The Mahathma Library sowed the seeds of the Communist movement in Kanam. "The Life of Karl Marx" written by Swadesabhimani Ramakrishna Pillai, "Pattabhakki", other dramas by K. Damodharan, and similar books lead to a consciousness of the evils of inequality. The second general election to the State Assembly when Kangazha Baskaran Nair stood as a candidate on a Socialist party ticket, was utilized by young students to educate common people about socialist ideologies. T.K. Krishnan Nair was the first to become a party member and later, when he returned after graduation, a group was organized with Kanam Sivan Pillai, KK, Prabhakaran Nair, KK. Raghavan Nair etc. The "Janathiapathya Munnani" under leadership of Kadayanikadu Purushothaman Pillai had its propaganda machinery working in Kanam, along with Kangazha, Kadayanikadu, Mundathanam, Nedumkunnam, and neighboring villages. The "Rationkada Samaram" brought people to the street against the unauthorized price hikes by ration dealers by way of service charges, rounding off bills, etc. During the Panchayat election, a candidate, Perumal Pillai, was put against Mr. P.V. Varghese (who later became the first Kangazha Panchayat President), the Congress candidate, but failed to get representation to Kangazha Panchayat.

By the time the CMS Primary School was upgraded to a middle school, Vidyadhiraja Swamikal started the Sree Vidyadhiraja Vidya (SVRV) Nair Service Society (NSS) School at Theerthapadapuram, Vazhoor. After CMS UPS was upgraded to High School and St. Paul's UPS at Pulickalkavala was also upgraded. Education spread and every boy and girl had the facility to get general education. Up until then only a few fortunate families had the facility for higher education, because of its high cost. Hostel charges, which once accounted for 85% of education costs, were rendered unnecessary with the establishment of several high schools and colleges in the vicinity.

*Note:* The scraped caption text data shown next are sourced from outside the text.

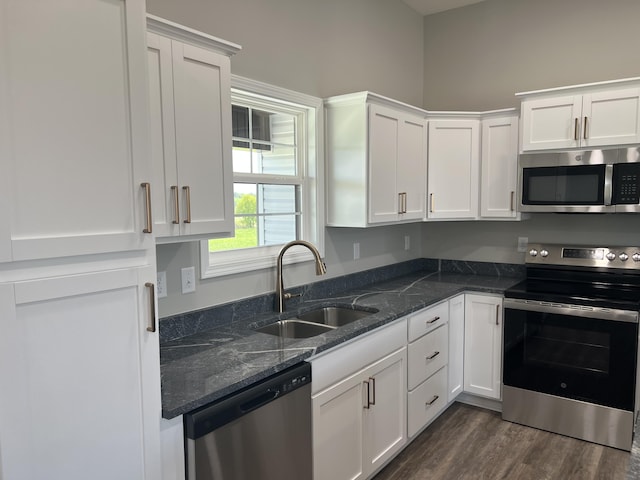 kitchen with white cabinets, dark stone counters, stainless steel appliances, and a sink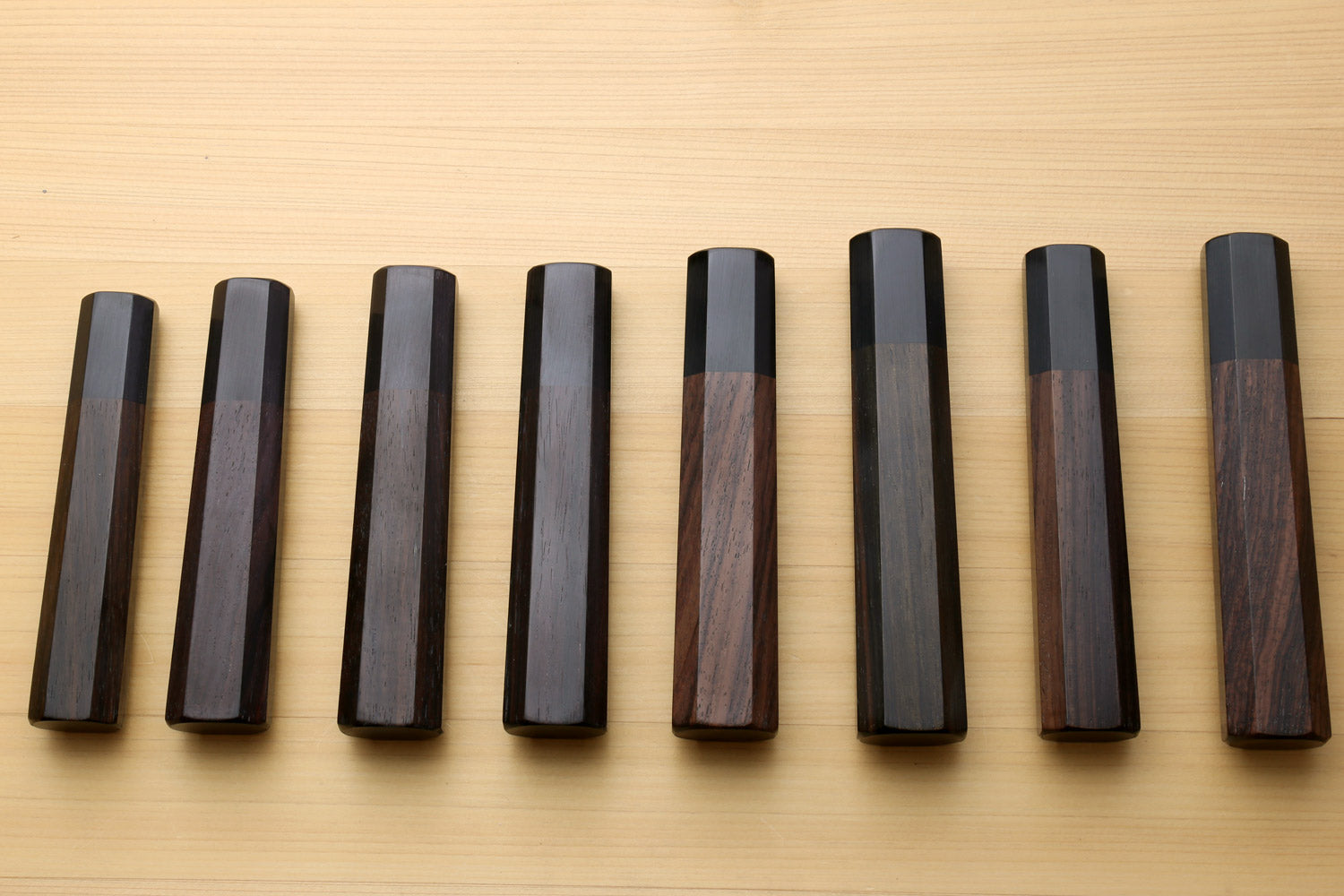 Chef knife handle set with rosewood and dark scales, straight-on lineup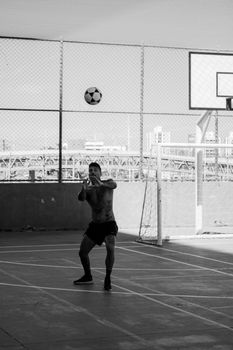 Black and white photo of a man playing soccer on a rooftop court with cityscape in the background.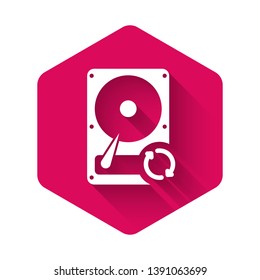 White Hard disk drive HDD sync refresh icon isolated with long shadow. Pink hexagon button. Vector Illustration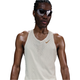 En person med solbriller og Nike M Nk Dfadv Aeroswift Jakob Singlet til mænd i Sail/Metallic Gold står med front mod en almindelig hvid baggrund, hvor huden glitrer, som om den er svedig eller anstrengt.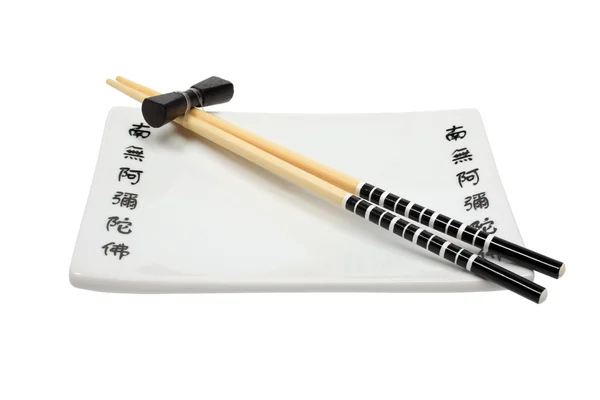 Stock image Unused asian chopsticks and plate isolated on white background.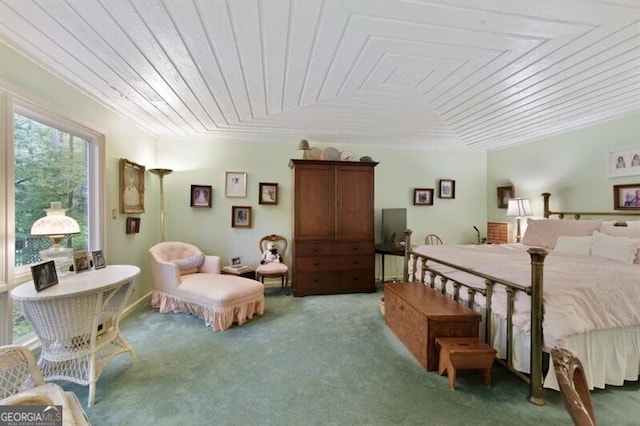 carpeted bedroom featuring wood ceiling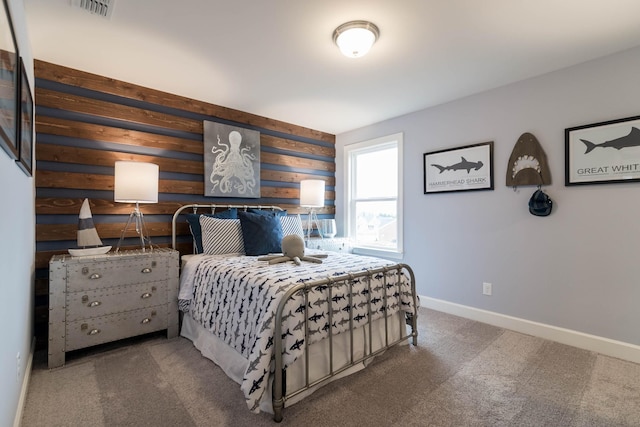 2550 Ashford Dr, Mount Juliet, TN 37122 - carpeted bedroom featuring visible vents, baseboards, and wooden walls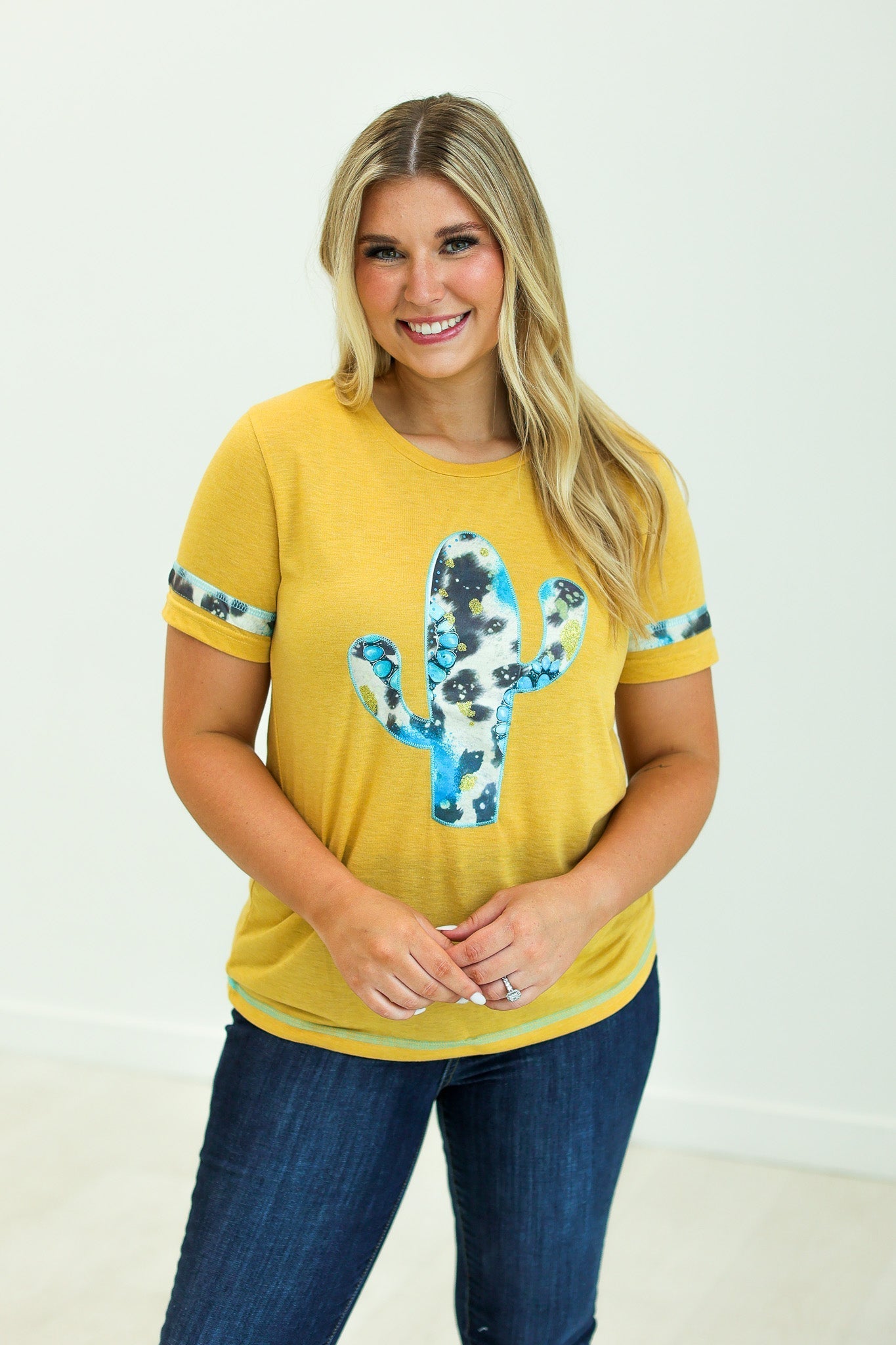 Cactus and Turquoise on Mustard Tee with Cowprint Yellow Wanderer Rotation by Southern Grace | Fleurcouture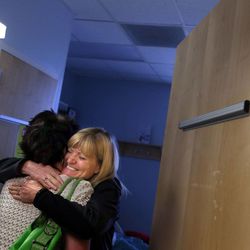 Jose Gallegos, right, greets Lori Bertelsen with a big hug at the hospital in Provo on Friday, June 21, 2013. Bertelsen was visiting Jose's husband, Carl. Bertelsen performed CPR on Gallegos after he went into cardiac arrest last weekend.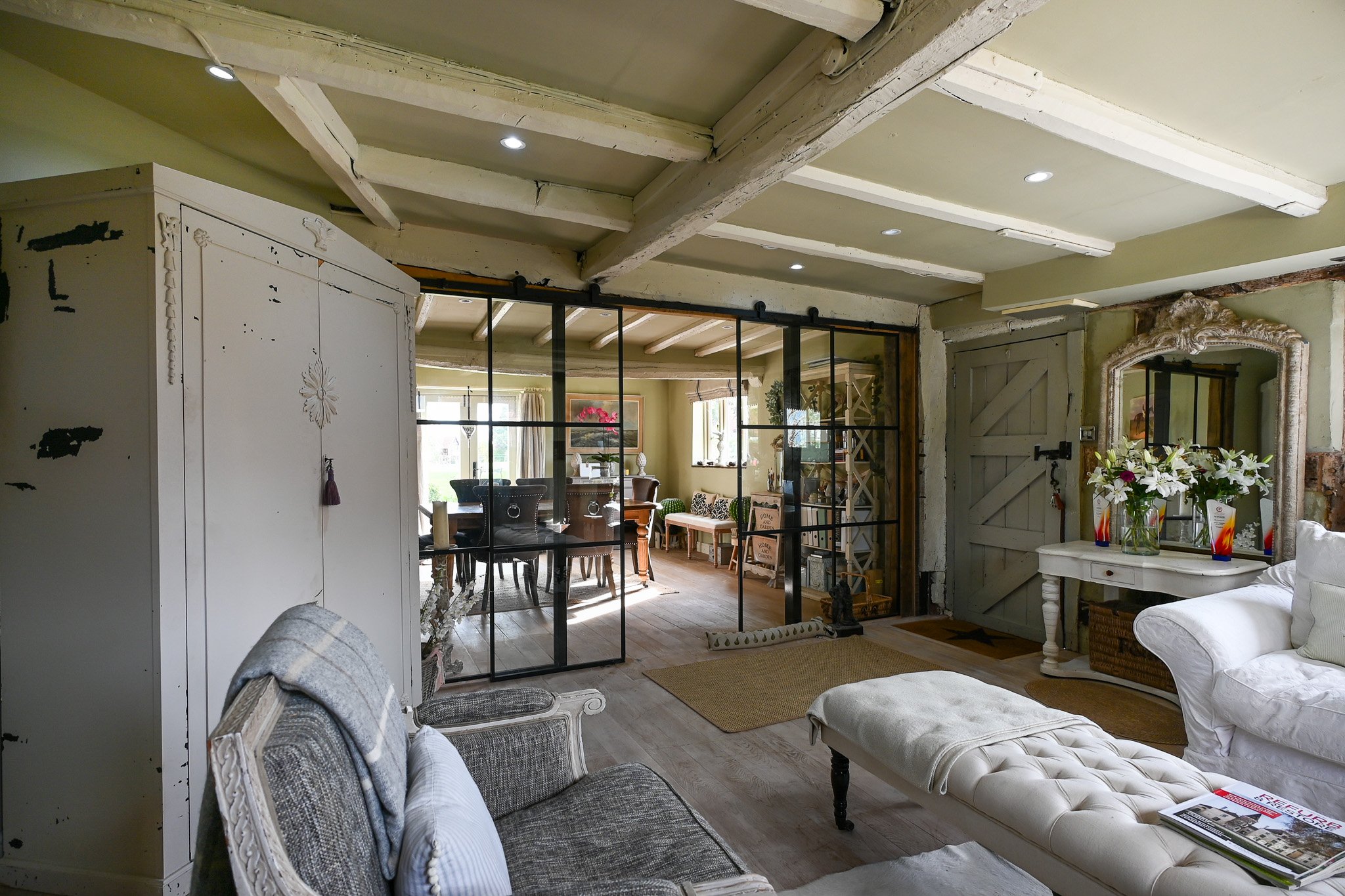 living room going into the dining room with large glazed sliding doors and timber beams above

With the advent of higher education, the facility for political consciousness began to grow and Kanam was able to offer two candidates in the Vazhoor constituency for assembly elections. Adv. Kanam Sivan Pillai (CPM) and Kanam Rajendran (CPI). The latter won the seat twice. Now the CPM and CPI have a strong hold over the village. The communists of early years are leading their retired lives and some of them have died. The names of Pampady Balan, Anickadu PK. Sankara Pillai -"Stalin" Sankara Pillai is now
"Ganapthy" Sankara Pillai Elakkadu purushan, Kadayanickadu Purushothaman Pillai Ex. MLA and Kottayam Bhasi and Johny Syriac are also associated with the spread of communist ideology in Kanam. Kanam Rajendran (CPI) is one of the leading political leaders from the village.

== Cooperative movement in Kanam ==

The Co-operative Movement of the Vazhoor Village also had its roots in Kanam. It was Sri. MN.Sankara Pillai, HM SVLPS, and Payattukala (Vellakallumkal) Chacko who took steps to establish the Vazhoor Farmers Service Cooperative Bank

Lyrics of Kanam EJ

== Nearby Places ==

- Kangazha

Kangazha is a beautiful and serene place in Changanacherry Taluk south of Pampady. Famous for the MGDM Hospital one of the oldest multi-speciality community referral hospitals in Kerala. The first Self-Finance Nursing College in the private sector in Kerala, Theophilius College of Nursing is also found in Kangazha. Other educational institutions in kangazha are PGM college of Arts and Science, P Geevarghese School of Nursing, School of Laboratory Technology-MGDM Hospital, Baselios Higher Secondary School, and St. Thomas School Kangazha.